### Assignment
Please repeat the whole listing exactly, but leave the pictures out.

### Task material
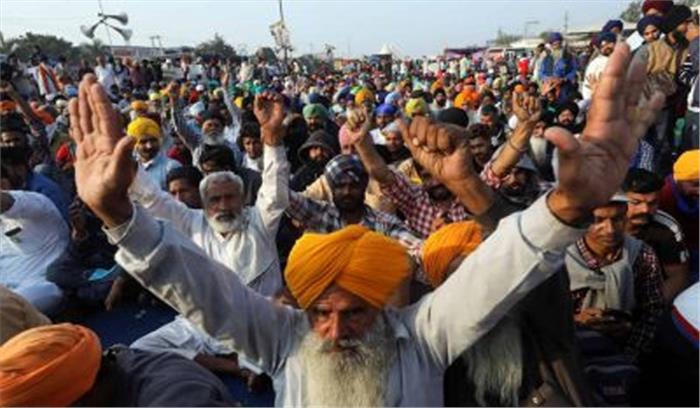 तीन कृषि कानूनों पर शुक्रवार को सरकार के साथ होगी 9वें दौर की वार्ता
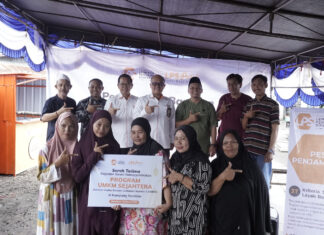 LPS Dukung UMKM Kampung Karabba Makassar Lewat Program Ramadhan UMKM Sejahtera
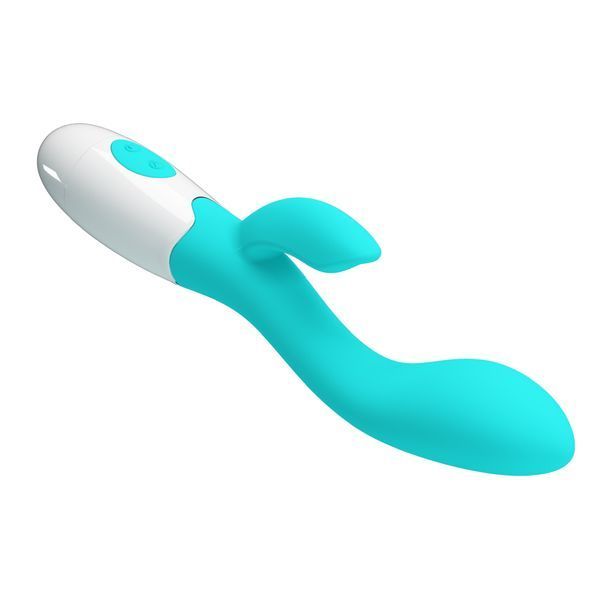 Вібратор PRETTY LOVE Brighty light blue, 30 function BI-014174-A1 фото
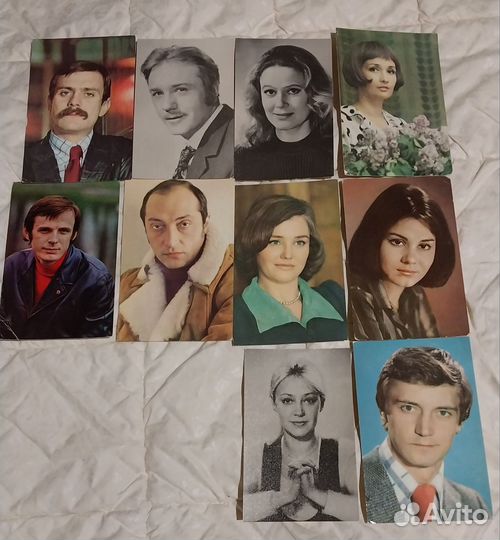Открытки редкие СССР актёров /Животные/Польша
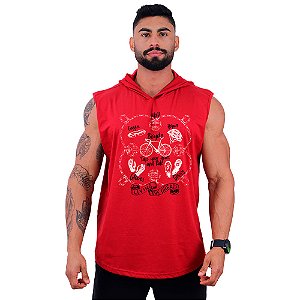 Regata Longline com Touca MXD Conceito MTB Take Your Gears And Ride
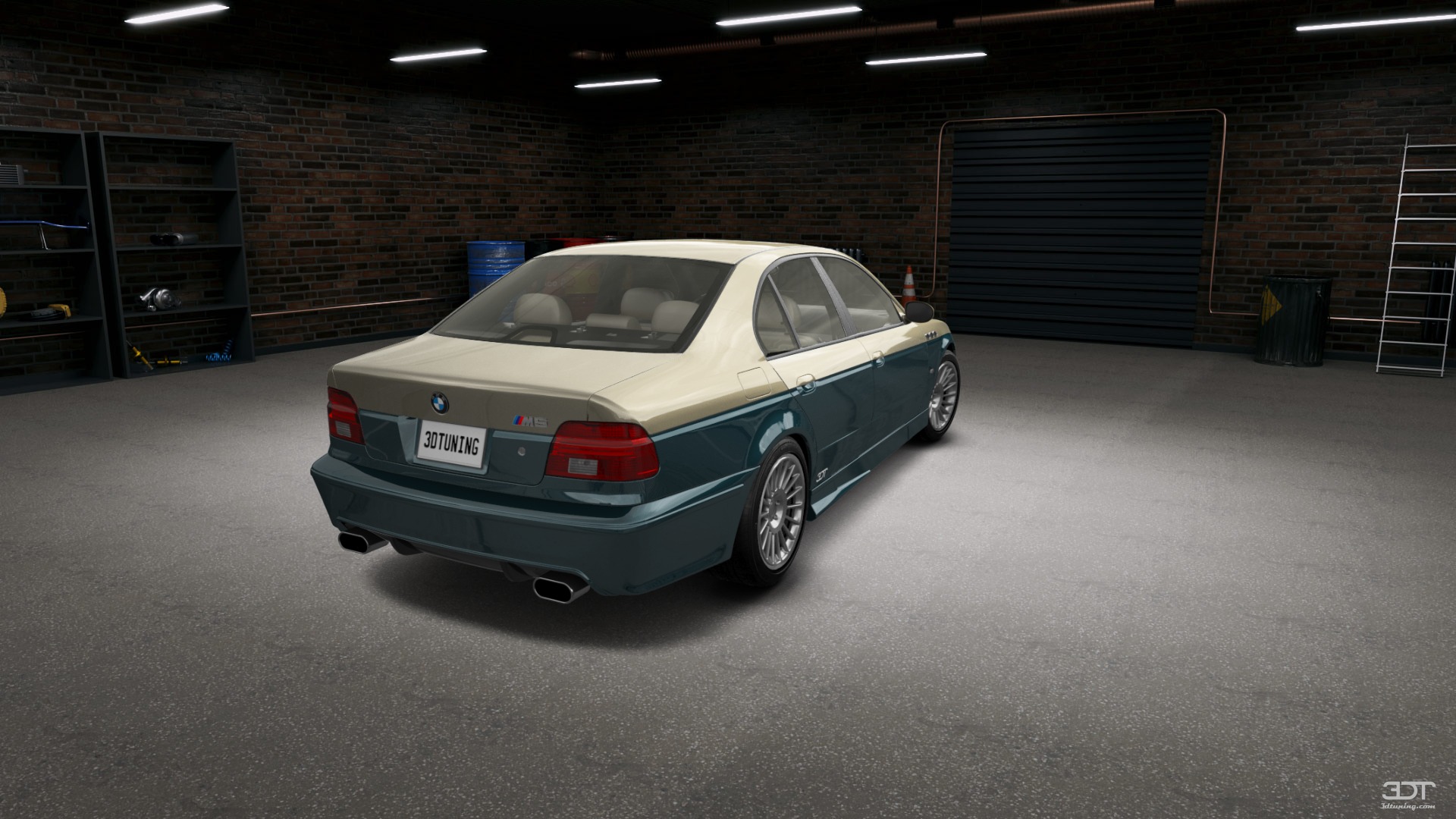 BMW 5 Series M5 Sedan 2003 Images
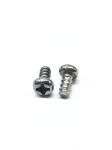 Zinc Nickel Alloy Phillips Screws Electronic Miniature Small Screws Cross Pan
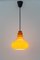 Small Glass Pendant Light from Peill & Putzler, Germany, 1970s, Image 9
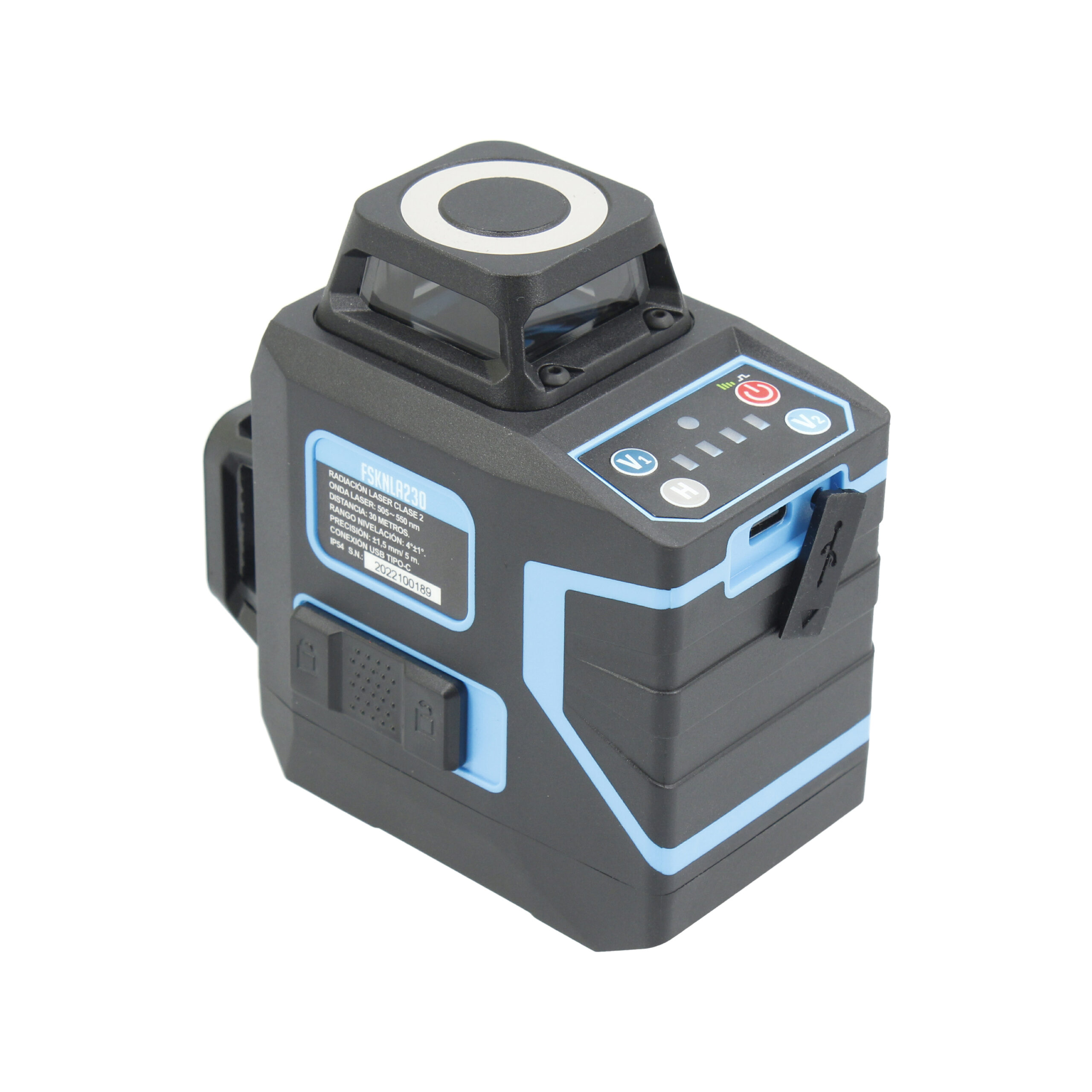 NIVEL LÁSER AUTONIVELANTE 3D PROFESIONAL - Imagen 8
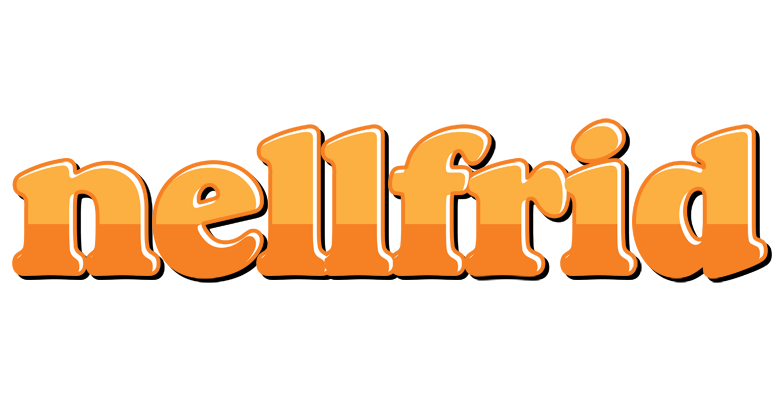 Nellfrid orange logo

### Problem solution
 तीन कृषि कानूनों पर शुक्रवार को सरकार के साथ होगी 9वें दौर की वार्ता
 LPS Dukung UMKM Kampung Karabba Makassar Lewat Program Ramadhan UMKM Sejahtera
 Вібратор PRETTY LOVE Brighty light blue, 30 function BI-014174-A1 фото
Открытки редкие СССР актёров /Животные/Польша
 Regata Longline com Touca MXD Conceito MTB Take Your Gears And Ride
 BMW 5 Series M5 Sedan 2003 Images
 Zinc Nickel Alloy Phillips Screws Electronic Miniature Small Screws Cross Pan
 Small Glass Pendant Light from Peill & Putzler, Germany, 1970s, Image 9
 NIVEL LÁSER AUTONIVELANTE 3D PROFESIONAL - Imagen 8
 Nellfrid orange logo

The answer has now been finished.